Wouldn't bother me in the least. "Good job, son. All that weight you lost and that cardio in the gym seems to have paid off" 

Same goes for my daughter. Feigning a squeeze is not copping a feel.


----------



## Cletus (Apr 27, 2012)

JayDee7 said:


> If it were my wife I’d be shocked, then I’d get up and tell her to come with me, pull her aside and ask her her what the hell is wrong with her acting like a crazy b——. I would tell her she is an embarrassment to me and everyone around us, I’d walk her back to the table and loudly say I’m sorry for my wife’s behavior, she’s an embarrassment to me, I don’t know what the hell is wrong with her, I’m leaving now, excuse me.
> If it’s me, I just would not put up with idiotic behavior.


Dude.


----------



## Yeswecan (Jul 25, 2014)

Cletus said:


> Wouldn't bother me in the least. "Good job, son. All that weight you lost and that cardio in the gym seems to have paid off"
> 
> Same goes for my daughter. Feigning a squeeze is not copping a feel.


It is idea of it and not the actual touch. Would you think one's W be offended or upset if the H feigned a squeeze on a waitress even if it was to be a joke?


----------



## Cletus (Apr 27, 2012)

Yeswecan said:


> It is idea of it and not the actual touch. Would you think one's W be offended or upset if the H feigned a squeeze on a waitress even if it was to be a joke?


Just like the answers you're getting here, it depends on the wife. One with a good sense of humor and no serious insecurities might find it funny. Others perhaps not so much.

Whether or not it is rude to your spouse very much depends on the nature of your spouse.


----------



## Rowan (Apr 3, 2012)

Of course it's inappropriate. It would be inappropriate no matter the sexes of the individuals involved. It's tacky, classless, and not particularly funny. It rather sounds like shenanigans that young people might engage in while out for a drunken night on the town. But I also wouldn't make a federal case out of it. To me, making a huge flaming scene about my spouse doing such a thing would be just as crass and ill-mannered as, and likely more offensive than, the actual offense. If I'm offended or embarrassed by my partner's behavior - and I have been so by a partner's behavior in the past - that's something we'll discuss in private later. The culture I was raised in is very averse to public scenes, so the only thing more appalling and unacceptable than making a scene by pretending to grope the wait-staff, would be making another scene by berating one's partner about it in a loud, public, fashion.


----------



## Yeswecan (Jul 25, 2014)

Rowan said:


> Of course it's inappropriate. It would be inappropriate no matter the sexes of the individuals involved. It's tacky, classless, and not particularly funny. It rather sounds like shenanigans that young people might engage in while out for a drunken night on the town. But I also wouldn't make a federal case out of it. To me, making a huge flaming scene about my spouse doing such a thing would be just as crass and ill-mannered as the actual offense. If I'm offended or embarrassed by my partner's behavior - and I have been so by a partner's behavior in the past - that's something we'll discuss in private later. The culture I was raised in is very averse to public scenes, so the only thing more appalling and unacceptable than making a scene by pretending to grope the wait-staff, would be making another scene by berating one's partner about it in a loud, public, fashion.

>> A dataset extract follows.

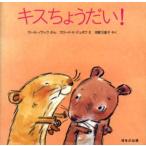 キスちょうだい!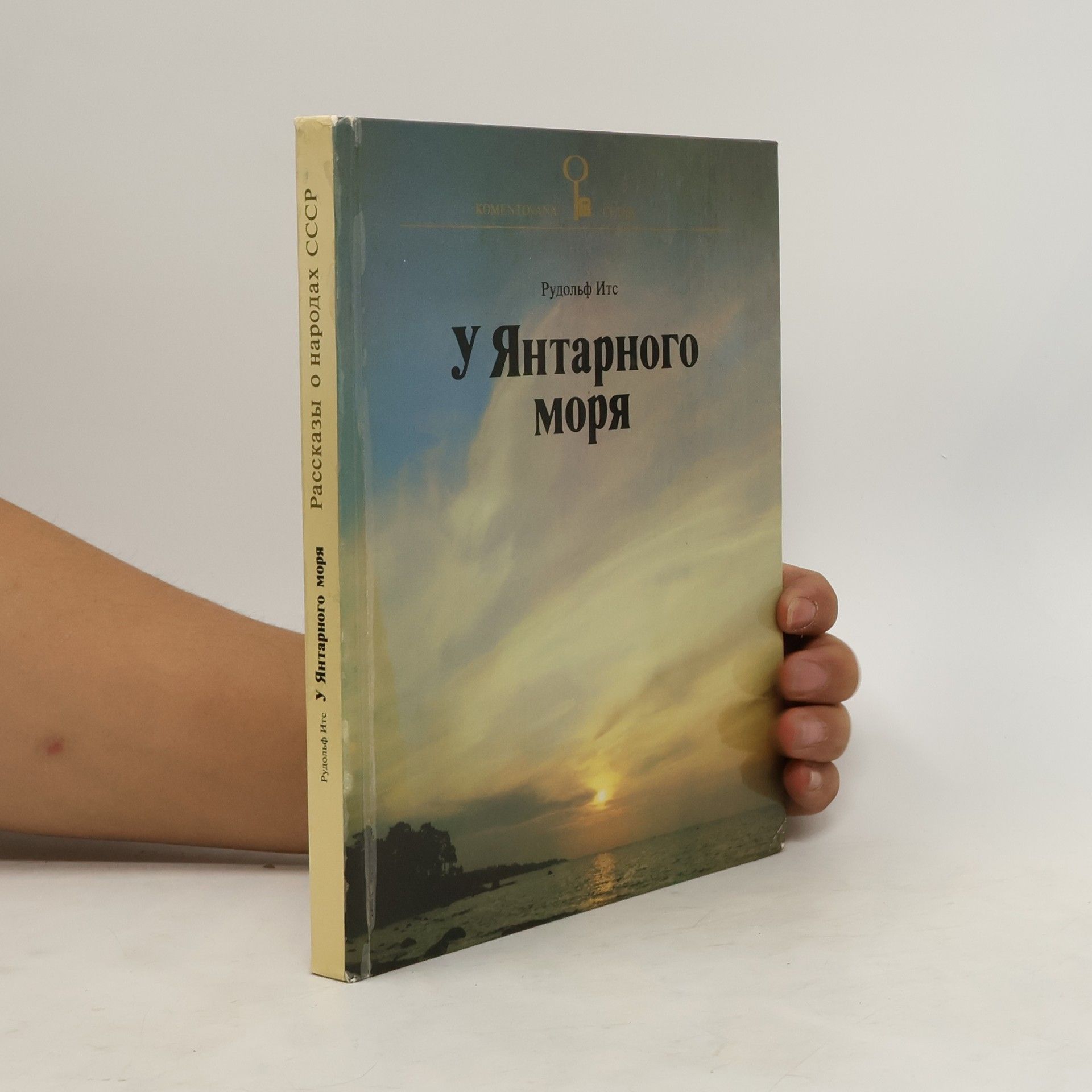 Rudolf Its У Янтарного моря. U Jantarnogo morja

The reaction I agree with. Talk in private later. I believe most would do this with exception of one in this thread who apparently would go ballistic. :surprise:


----------



## samyeagar (May 14, 2012)

Check the phone bill. Hire a PI. Find a lawyer. File for divorce.


----------



## DustyDog (Jul 12, 2016)

Yeswecan said:


> Scenario:
> 
> H and W at a restaurant with friends. Tables are tightly placed together allowing just enough room for waiters and waitress to work their tables. As the W is sitting at the table a waiter walks up behind the W with his back turned taking the food order from the adjacent table. The W turns her head and sees the waiter rear basically in her face. W then motions to squeeze the waiter rear while smiling. The W then takes it a bit further asking others at their table to take a picture of her pretending to squeeze the waiters rear.
> 
> As a H and or just a bystander, what are your thoughts on this? If you as a H were to pretend to squeeze a waitress' rear end in a similar situation, then ask for pictures what would your W reaction be?


My thought is that it's a woman who mistakenly believes that a man in a similar situation would do that, therefore it's excusable in a woman.

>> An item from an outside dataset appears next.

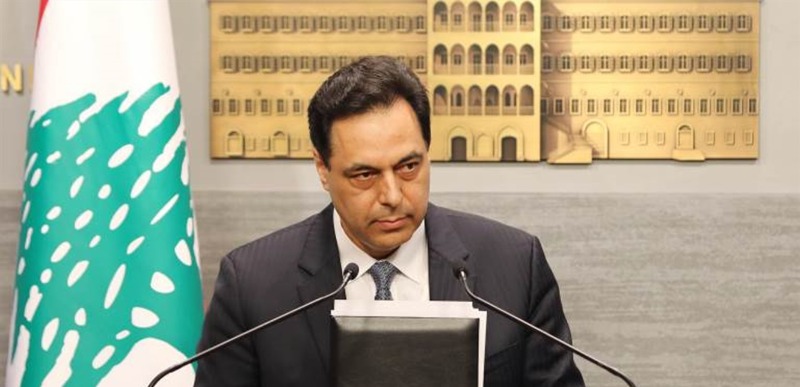 عريضة إتهام بحقّ دياب؟!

Not great behavior, nothing to be concerned about. Normal, whether normal is good or not.

And I guarantee you this - the restaurant EXPECTS this behavior and part of placing the tables so close together was to encourage it.


----------



## GusPolinski (Jan 21, 2014)

Inappropriate.


----------



## Red Sonja (Sep 8, 2012)

Inappropriate, no matter the gender of those involved.

I don't associate with those who take advantage of others in order to get a laugh. I have seen too many perpetrators laugh and say "it was only a joke" at the humiliation of the victim. Bad behavior.


----------



## Yeswecan (Jul 25, 2014)

samyeagar said:


> Check the phone bill. Hire a PI. Find a lawyer. File for divorce.


Panzer division?


----------



## Yeswecan (Jul 25, 2014)

DustyDog said:


> My thought is that it's a woman who mistakenly believes that a man in a similar situation would do that, therefore it's excusable in a woman.
> 
> Not great behavior, nothing to be concerned about. Normal, whether normal is good or not.
> 
> And I guarantee you this - the restaurant EXPECTS this behavior and part of placing the tables so close together was to encourage it.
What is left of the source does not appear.